## Dataset extract

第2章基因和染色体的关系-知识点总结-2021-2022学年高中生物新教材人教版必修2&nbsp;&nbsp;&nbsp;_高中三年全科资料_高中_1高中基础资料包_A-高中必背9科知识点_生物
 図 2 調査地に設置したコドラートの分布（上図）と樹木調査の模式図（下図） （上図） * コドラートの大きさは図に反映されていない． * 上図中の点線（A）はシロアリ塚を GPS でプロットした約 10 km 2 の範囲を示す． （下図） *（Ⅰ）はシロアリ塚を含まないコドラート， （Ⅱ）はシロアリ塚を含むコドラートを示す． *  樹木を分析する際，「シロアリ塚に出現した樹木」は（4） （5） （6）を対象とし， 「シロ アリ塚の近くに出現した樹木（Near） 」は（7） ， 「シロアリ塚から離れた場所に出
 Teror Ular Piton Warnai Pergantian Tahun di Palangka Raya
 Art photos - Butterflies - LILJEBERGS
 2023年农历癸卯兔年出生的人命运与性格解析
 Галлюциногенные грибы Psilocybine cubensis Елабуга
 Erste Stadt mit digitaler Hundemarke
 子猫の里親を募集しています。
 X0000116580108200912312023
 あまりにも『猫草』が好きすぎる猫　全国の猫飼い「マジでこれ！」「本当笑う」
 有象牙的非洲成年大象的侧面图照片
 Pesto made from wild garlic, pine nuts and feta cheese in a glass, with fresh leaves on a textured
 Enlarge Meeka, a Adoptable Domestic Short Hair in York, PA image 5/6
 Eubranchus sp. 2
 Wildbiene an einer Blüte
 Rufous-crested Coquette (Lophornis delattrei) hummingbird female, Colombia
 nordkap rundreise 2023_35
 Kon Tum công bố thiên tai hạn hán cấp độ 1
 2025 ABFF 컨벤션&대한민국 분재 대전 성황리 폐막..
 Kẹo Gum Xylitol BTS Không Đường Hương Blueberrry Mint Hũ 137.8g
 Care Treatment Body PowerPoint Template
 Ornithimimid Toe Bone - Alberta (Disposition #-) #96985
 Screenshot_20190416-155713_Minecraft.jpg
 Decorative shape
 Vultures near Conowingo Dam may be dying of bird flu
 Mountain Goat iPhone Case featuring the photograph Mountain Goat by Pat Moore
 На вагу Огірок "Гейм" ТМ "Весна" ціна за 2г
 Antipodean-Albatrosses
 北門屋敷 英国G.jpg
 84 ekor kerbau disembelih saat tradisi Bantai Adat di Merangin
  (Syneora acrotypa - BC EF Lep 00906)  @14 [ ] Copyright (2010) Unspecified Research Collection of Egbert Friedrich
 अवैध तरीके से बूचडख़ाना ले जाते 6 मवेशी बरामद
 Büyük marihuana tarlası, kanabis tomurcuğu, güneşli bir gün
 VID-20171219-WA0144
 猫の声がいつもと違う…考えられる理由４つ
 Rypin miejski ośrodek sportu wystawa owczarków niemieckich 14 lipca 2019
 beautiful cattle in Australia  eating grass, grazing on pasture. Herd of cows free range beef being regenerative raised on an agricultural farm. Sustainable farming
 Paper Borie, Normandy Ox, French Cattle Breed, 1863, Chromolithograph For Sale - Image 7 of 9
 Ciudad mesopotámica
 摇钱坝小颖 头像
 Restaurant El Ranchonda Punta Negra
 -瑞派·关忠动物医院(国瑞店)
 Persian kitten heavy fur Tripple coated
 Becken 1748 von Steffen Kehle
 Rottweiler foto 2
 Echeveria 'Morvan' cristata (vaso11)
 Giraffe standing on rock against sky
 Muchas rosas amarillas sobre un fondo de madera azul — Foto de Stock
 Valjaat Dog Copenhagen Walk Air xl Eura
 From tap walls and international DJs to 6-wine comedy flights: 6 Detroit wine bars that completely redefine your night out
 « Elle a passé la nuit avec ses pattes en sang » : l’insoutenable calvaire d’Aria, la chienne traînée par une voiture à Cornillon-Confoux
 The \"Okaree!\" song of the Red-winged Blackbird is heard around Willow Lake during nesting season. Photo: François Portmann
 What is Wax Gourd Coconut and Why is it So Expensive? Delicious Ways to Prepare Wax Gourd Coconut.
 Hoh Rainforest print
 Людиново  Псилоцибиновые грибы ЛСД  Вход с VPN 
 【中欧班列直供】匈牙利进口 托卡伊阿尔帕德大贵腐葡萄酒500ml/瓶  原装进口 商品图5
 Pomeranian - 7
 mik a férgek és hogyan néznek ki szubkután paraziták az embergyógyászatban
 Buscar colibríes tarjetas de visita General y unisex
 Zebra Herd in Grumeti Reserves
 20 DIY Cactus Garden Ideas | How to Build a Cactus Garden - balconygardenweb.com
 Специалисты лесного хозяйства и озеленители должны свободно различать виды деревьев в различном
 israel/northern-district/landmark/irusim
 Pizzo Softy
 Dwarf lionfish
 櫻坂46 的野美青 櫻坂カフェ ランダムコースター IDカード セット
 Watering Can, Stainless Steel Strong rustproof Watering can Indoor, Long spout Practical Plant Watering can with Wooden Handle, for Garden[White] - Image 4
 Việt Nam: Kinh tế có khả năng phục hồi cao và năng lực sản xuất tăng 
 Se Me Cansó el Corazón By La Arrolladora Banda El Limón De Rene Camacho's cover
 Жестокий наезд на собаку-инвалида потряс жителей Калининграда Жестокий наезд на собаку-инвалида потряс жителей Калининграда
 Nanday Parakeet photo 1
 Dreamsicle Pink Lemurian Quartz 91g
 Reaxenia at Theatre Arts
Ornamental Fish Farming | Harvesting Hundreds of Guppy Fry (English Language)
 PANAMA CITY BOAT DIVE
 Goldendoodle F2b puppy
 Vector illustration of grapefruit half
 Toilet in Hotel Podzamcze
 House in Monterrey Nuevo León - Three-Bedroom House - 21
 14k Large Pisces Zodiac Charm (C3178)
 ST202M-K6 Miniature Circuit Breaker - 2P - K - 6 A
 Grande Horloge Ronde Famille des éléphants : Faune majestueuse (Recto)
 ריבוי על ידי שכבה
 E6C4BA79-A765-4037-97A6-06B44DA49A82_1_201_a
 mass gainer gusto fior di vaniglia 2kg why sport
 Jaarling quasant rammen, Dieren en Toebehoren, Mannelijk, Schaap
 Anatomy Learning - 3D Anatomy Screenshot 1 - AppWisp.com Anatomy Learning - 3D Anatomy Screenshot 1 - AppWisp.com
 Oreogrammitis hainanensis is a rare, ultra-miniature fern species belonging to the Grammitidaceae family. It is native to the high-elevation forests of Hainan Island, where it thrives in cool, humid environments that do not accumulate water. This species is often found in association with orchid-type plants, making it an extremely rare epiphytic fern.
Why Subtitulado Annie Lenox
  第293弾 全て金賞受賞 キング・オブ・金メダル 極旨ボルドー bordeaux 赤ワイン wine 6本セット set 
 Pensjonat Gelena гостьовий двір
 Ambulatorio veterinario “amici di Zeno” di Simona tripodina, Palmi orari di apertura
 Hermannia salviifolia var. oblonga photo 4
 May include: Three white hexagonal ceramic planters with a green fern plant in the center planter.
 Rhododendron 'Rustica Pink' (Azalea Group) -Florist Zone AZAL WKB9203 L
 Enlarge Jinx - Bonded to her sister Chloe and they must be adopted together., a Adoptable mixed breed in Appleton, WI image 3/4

## What you will do
Please give back all of the records exactly as written.

## Your solution
第2章基因和染色体的关系-知识点总结-2021-2022学年高中生物新教材人教版必修2&nbsp;&nbsp;&nbsp;_高中三年全科资料_高中_1高中基础资料包_A-高中必背9科知识点_生物
 図 2 調査地に設置したコドラートの分布（上図）と樹木調査の模式図（下図） （上図） * コドラートの大きさは図に反映されていない． * 上図中の点線（A）はシロアリ塚を GPS でプロットした約 10 km 2 の範囲を示す． （下図） *（Ⅰ）はシロアリ塚を含まないコドラート， （Ⅱ）はシロアリ塚を含むコドラートを示す． *  樹木を分析する際，「シロアリ塚に出現した樹木」は（4） （5） （6）を対象とし， 「シロ アリ塚の近くに出現した樹木（Near） 」は（7） ， 「シロアリ塚から離れた場所に出
 Teror Ular Piton Warnai Pergantian Tahun di Palangka Raya
 Art photos - Butterflies - LILJEBERGS
 2023年农历癸卯兔年出生的人命运与性格解析
 Галлюциногенные грибы Psilocybine cubensis Елабуга
 Erste Stadt mit digitaler Hundemarke
 子猫の里親を募集しています。
 X0000116580108200912312023
 あまりにも『猫草』が好きすぎる猫　全国の猫飼い「マジでこれ！」「本当笑う」
 有象牙的非洲成年大象的侧面图照片
 Pesto made from wild garlic, pine nuts and feta cheese in a glass, with fresh leaves on a textured
 Enlarge Meeka, a Adoptable Domestic Short Hair in York, PA image 5/6
 Eubranchus sp. 2
 Wildbiene an einer Blüte
 Rufous-crested Coquette (Lophornis delattrei) hummingbird female, Colombia
 nordkap rundreise 2023_35
 Kon Tum công bố thiên tai hạn hán cấp độ 1
 2025 ABFF 컨벤션&대한민국 분재 대전 성황리 폐막..
 Kẹo Gum Xylitol BTS Không Đường Hương Blueberrry Mint Hũ 137.8g
 Care Treatment Body PowerPoint Template
 Ornithimimid Toe Bone - Alberta (Disposition #-) #96985
 Screenshot_20190416-155713_Minecraft.jpg
 Decorative shape
 Vultures near Conowingo Dam may be dying of bird flu
 Mountain Goat iPhone Case featuring the photograph Mountain Goat by Pat Moore
 На вагу Огірок "Гейм" ТМ "Весна" ціна за 2г
 Antipodean-Albatrosses
 北門屋敷 英国G.jpg
 84 ekor kerbau disembelih saat tradisi Bantai Adat di Merangin
  (Syneora acrotypa - BC EF Lep 00906)  @14 [ ] Copyright (2010) Unspecified Research Collection of Egbert Friedrich
 अवैध तरीके से बूचडख़ाना ले जाते 6 मवेशी बरामद
 Büyük marihuana tarlası, kanabis tomurcuğu, güneşli bir gün
 VID-20171219-WA0144
 猫の声がいつもと違う…考えられる理由４つ
 Rypin miejski ośrodek sportu wystawa owczarków niemieckich 14 lipca 2019
 beautiful cattle in Australia  eating grass, grazing on pasture. Herd of cows free range beef being regenerative raised on an agricultural farm. Sustainable farming
 Paper Borie, Normandy Ox, French Cattle Breed, 1863, Chromolithograph For Sale - Image 7 of 9
 Ciudad mesopotámica
 摇钱坝小颖 头像
 Restaurant El Ranchonda Punta Negra
 -瑞派·关忠动物医院(国瑞店)
 Persian kitten heavy fur Tripple coated
 Becken 1748 von Steffen Kehle
 Rottweiler foto 2
 Echeveria 'Morvan' cristata (vaso11)
 Giraffe standing on rock against sky
 Muchas rosas amarillas sobre un fondo de madera azul — Foto de Stock
 Valjaat Dog Copenhagen Walk Air xl Eura
 From tap walls and international DJs to 6-wine comedy flights: 6 Detroit wine bars that completely redefine your night out
 « Elle a passé la nuit avec ses pattes en sang » : l’insoutenable calvaire d’Aria, la chienne traînée par une voiture à Cornillon-Confoux
 The \"Okaree!\" song of the Red-winged Blackbird is heard around Willow Lake during nesting season. Photo: François Portmann
 What is Wax Gourd Coconut and Why is it So Expensive? Delicious Ways to Prepare Wax Gourd Coconut.
 Hoh Rainforest print
 Людиново  Псилоцибиновые грибы ЛСД  Вход с VPN 
 【中欧班列直供】匈牙利进口 托卡伊阿尔帕德大贵腐葡萄酒500ml/瓶  原装进口 商品图5
 Pomeranian - 7
 mik a férgek és hogyan néznek ki szubkután paraziták az embergyógyászatban
 Buscar colibríes tarjetas de visita General y unisex
 Zebra Herd in Grumeti Reserves
 20 DIY Cactus Garden Ideas | How to Build a Cactus Garden - balconygardenweb.com
 Специалисты лесного хозяйства и озеленители должны свободно различать виды деревьев в различном
 israel/northern-district/landmark/irusim
 Pizzo Softy
 Dwarf lionfish
 櫻坂46 的野美青 櫻坂カフェ ランダムコースター IDカード セット
 Watering Can, Stainless Steel Strong rustproof Watering can Indoor, Long spout Practical Plant Watering can with Wooden Handle, for Garden[White] - Image 4
 Việt Nam: Kinh tế có khả năng phục hồi cao và năng lực sản xuất tăng 
 Se Me Cansó el Corazón By La Arrolladora Banda El Limón De Rene Camacho's cover
 Жестокий наезд на собаку-инвалида потряс жителей Калининграда Жестокий наезд на собаку-инвалида потряс жителей Калининграда
 Nanday Parakeet photo 1
 Dreamsicle Pink Lemurian Quartz 91g
 Reaxenia at Theatre Arts
Ornamental Fish Farming | Harvesting Hundreds of Guppy Fry (English Language)
 PANAMA CITY BOAT DIVE
 Goldendoodle F2b puppy
 Vector illustration of grapefruit half
 Toilet in Hotel Podzamcze
 House in Monterrey Nuevo León - Three-Bedroom House - 21
 14k Large Pisces Zodiac Charm (C3178)
 ST202M-K6 Miniature Circuit Breaker - 2P - K - 6 A
 Grande Horloge Ronde Famille des éléphants : Faune majestueuse (Recto)
 ריבוי על ידי שכבה
 E6C4BA79-A765-4037-97A6-06B44DA49A82_1_201_a
 mass gainer gusto fior di vaniglia 2kg why sport
 Jaarling quasant rammen, Dieren en Toebehoren, Mannelijk, Schaap
 Anatomy Learning - 3D Anatomy Screenshot 1 - AppWisp.com Anatomy Learning - 3D Anatomy Screenshot 1 - AppWisp.com
 Oreogrammitis hainanensis is a rare, ultra-miniature fern species belonging to the Grammitidaceae family. It is native to the high-elevation forests of Hainan Island, where it thrives in cool, humid environments that do not accumulate water. This species is often found in association with orchid-type plants, making it an extremely rare epiphytic fern.
Why Subtitulado Annie Lenox
  第293弾 全て金賞受賞 キング・オブ・金メダル 極旨ボルドー bordeaux 赤ワイン wine 6本セット set 
 Pensjonat Gelena гостьовий двір
 Ambulatorio veterinario “amici di Zeno” di Simona tripodina, Palmi orari di apertura
 Hermannia salviifolia var. oblonga photo 4
 May include: Three white hexagonal ceramic planters with a green fern plant in the center planter.
 Rhododendron 'Rustica Pink' (Azalea Group) -Florist Zone AZAL WKB9203 L
 Enlarge Jinx - Bonded to her sister Chloe and they must be adopted together., a Adoptable mixed breed in Appleton, WI image 3/4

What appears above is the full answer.